Chinese oil refiners may not be able to import US crude at all if the government goes ahead and levies a 25% tariff on American energy products and this will directly impact demand for VLCC tonnage, a senior Sinopec executive said on Tuesday.
"However, the upcoming US sanctions have not had any impact on China's crude purchases from Iran, which are moving in line with demand," the executive was quoted as saying by Platts.
"It is a policy decision to be taken by the government but if the proposed tariff is implemented, Chinese crude imports from the US will not be viable and we may have to stop."
For crude purchases from Iran, oil refiners in China are using ships that do not have any exposure to the US, and therefore the business is not affected despite the US decision to reimpose anti-Iran sanctions after quitting the nuclear deal it had signed with world powers.
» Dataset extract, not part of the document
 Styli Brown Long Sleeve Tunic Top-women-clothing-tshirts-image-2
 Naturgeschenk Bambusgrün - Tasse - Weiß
China's demand for crude is on the rise because of new refining capacity that is being added in the country and this is favorable for VLCCs' freight rates though part of it will be offset by increased supply of ships, shipping industry executives said.
Hengli Petchem and Zhejiang Rongsheng's new 400,000 bpd refinery each in Dalian and Zhoushan, respectively, are expected to come on stream in the last quarter of this year. In the same quarter, CNPC's 100,000 bpd and Sinopec's 200,000 bpd incremental capacity in Huabei and Zhanjiang, respectively, are also expected to become operational, they said.
On the OPEC and non-OPEC countries' decision to step up crude output, the Sinopec executive said the actual increase in production is unlikely to be more than 700,000 bpd, which is below China's expectations and will keep crude prices firm.